The publishing crisis dove-tailed consistently with the national one, sometimes uneasily. Gruhner and Jahr President Dan Brewster delivered a call to arms against coming United States Postal Service rate hikes, just hours after the death of two postal workers from anthrax was announced.
Even in the corners where the industry may be seen as benefiting from the national crisis, financial woes loom. News magazines have seen their readerships skyrocket in the past six weeks, but for once the ad money is steering clear of a strong reader base. Business Week's Steve Shepard seemed dumfounded. "Newsstand circulation is up in this, reader intensity is up, and yet advertisers don't want to advertise. They don't want to be in this environment." As New York Magazine media critic Michael Wolff explained, "We're playing a story constantly that undermines consumer confidence."
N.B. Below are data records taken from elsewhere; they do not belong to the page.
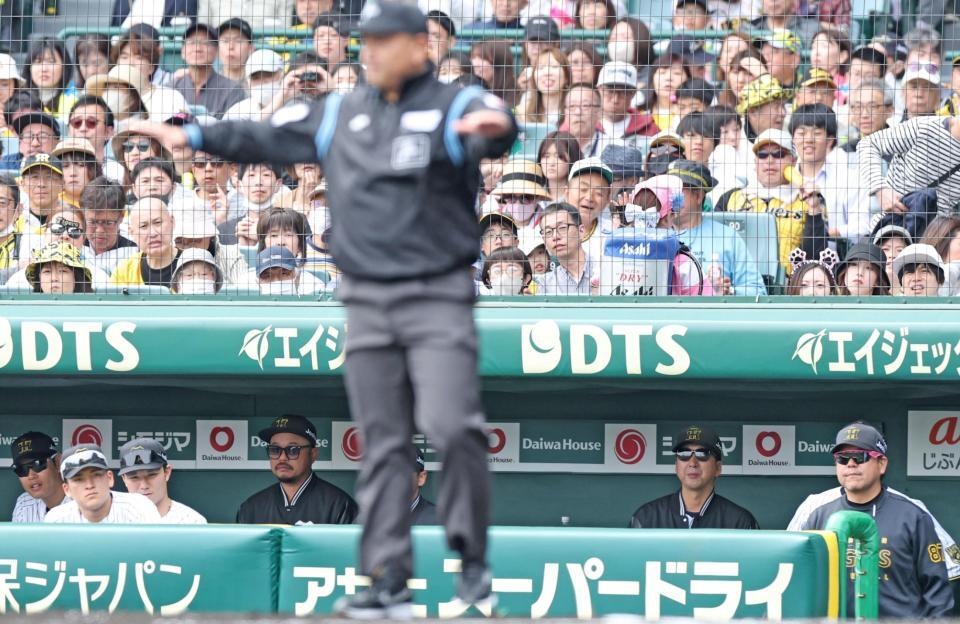 　１回、岡林の二塁セーフ判定に藤川監督（右から２人目）はリクエストを出すも、判定は覆らず（撮影・中田匡峻）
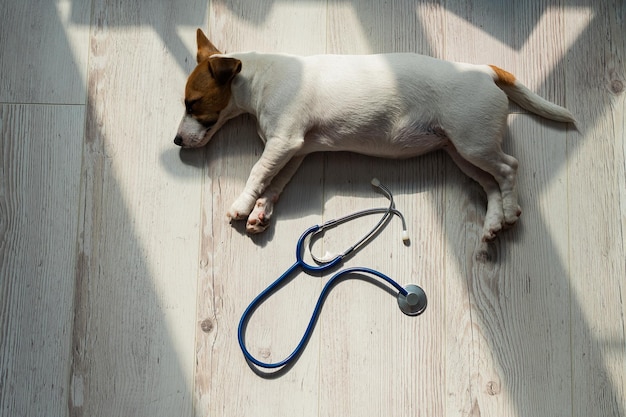 Draufsicht auf einen Welpen, der auf einem Holzboden liegt, und ein Phonendoskop. Kranker Hund Jack Russell Terrier und ein Stethoskop. Arbeit für den Tierarzt in einer Tierklinik. Dem Haustier geht es nicht gut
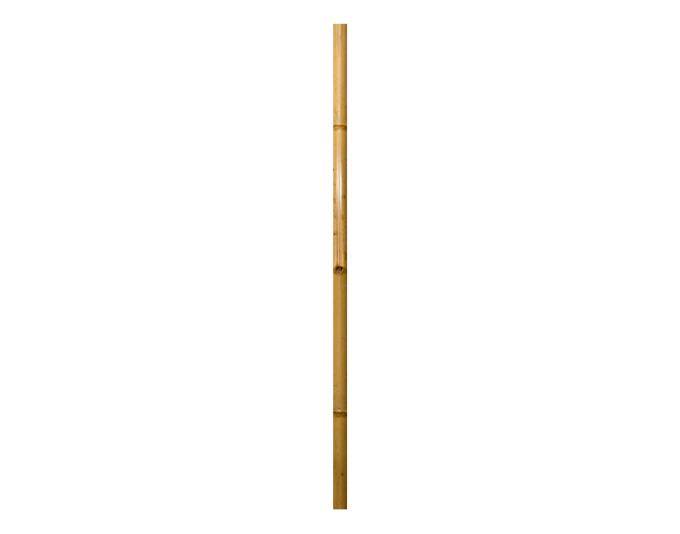 Windhager Bambus-Rohr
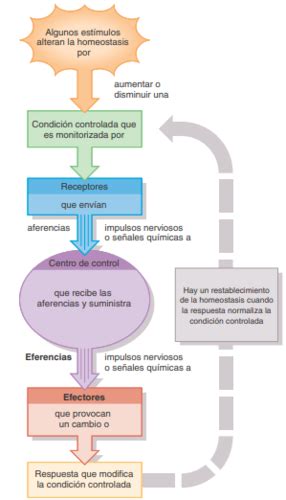 Fichas De Aprendizaje Preguntas Generales Quizlet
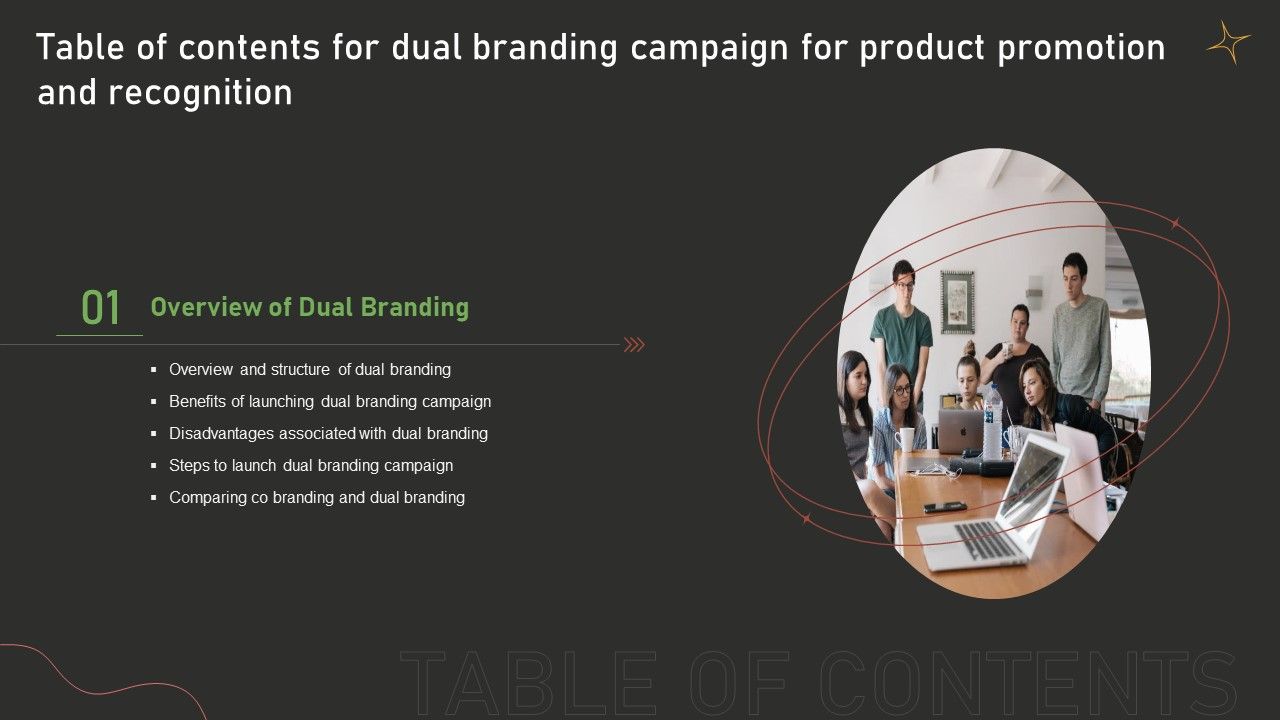 Table_Of_Contents_For_Dual_Branding_Campaign_For_Product_Promotion_And_Recognition_Slide_Professional_PDF_Slide_1.jpg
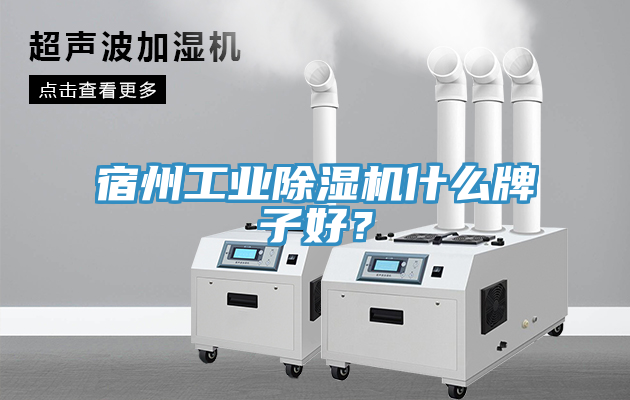 宿州工業除濕機什么牌子好？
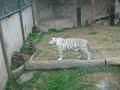 tigre blanco en el zoologico de huachipa LIMA PERU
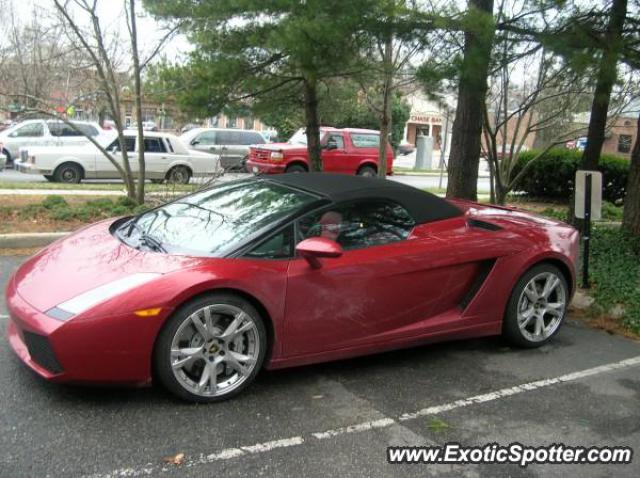 Lamborghini Gallardo spotted in Woodbridge, Virginia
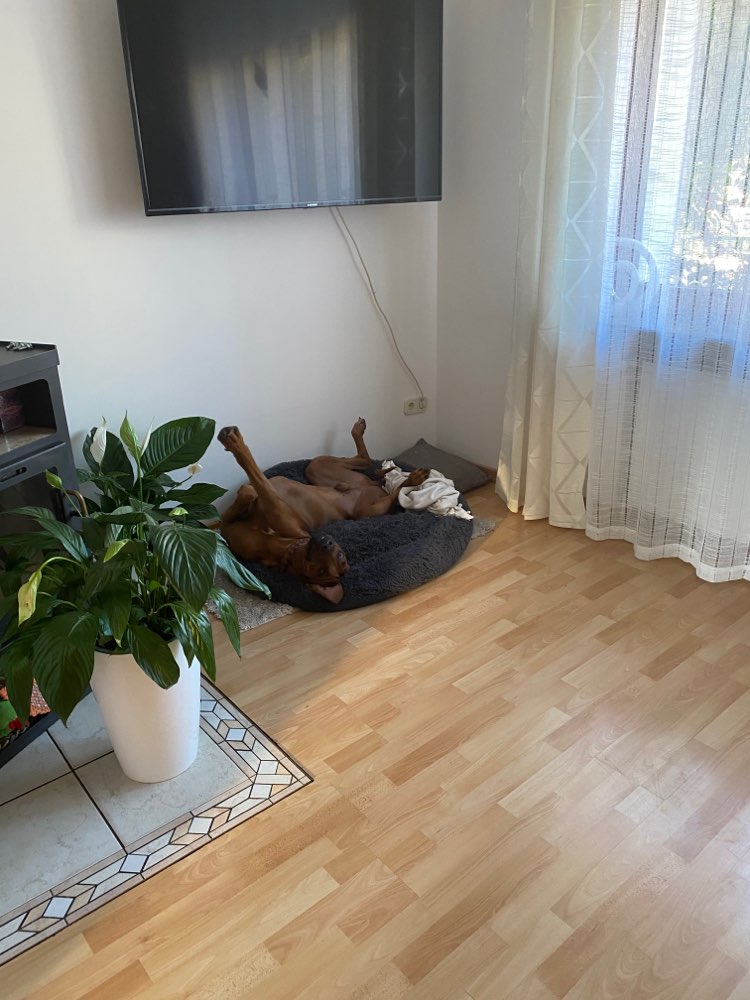 Hundetreffen-Rhodesian spielt gerne-Profilbild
And so in this damned-if-you-do, damned-if-you-don't market, publishers are scrambling more than ever to figure out what readers want. Many of them are in an especially impossible quandary in which their three-month lead time forces them to predict the mood a season into the future at a time when it seems to shift daily. "We can only deal with this one week at a time, one deadline at a time--it's all you can do. It's all you can know," said Shepard, shaking his head as he surveyed an audience of 550 gloomy colleagues. After listening to a parade of suits urgently intoning the need for forward thinking and decisive leadership in a time of crisis, this was not reassuring news.
But, not surprisingly, Oprah Winfrey presented herself as a steadfast oracle of media omniscience and certainty. "I don't need to do a focus group. I sit with 700 women, and some husbands, every day," she said to the ballroom. "Even before Sept. 11, I said 'connection' is the word of the decade. That is what people are looking for." Her message was as unambiguous as her success, perhaps suggesting that Graydon Carter was right to declare the death of irony. "We don't sell magazines. What we sell is connection, connection, connection," she instructed to the top-brass crowd that suddenly looked as if it had traded in nylons for knee-highs in the priestess' presence. "Be a homemaker. Be a mom," Stewart told the suited throng by way of offering advice for handling its uneasy staffs. "We've got a lot of mopping up to do." Women looked down at their pointy stilettos--bubble-era footwear of choice. \o7 Mopping? In these shoes?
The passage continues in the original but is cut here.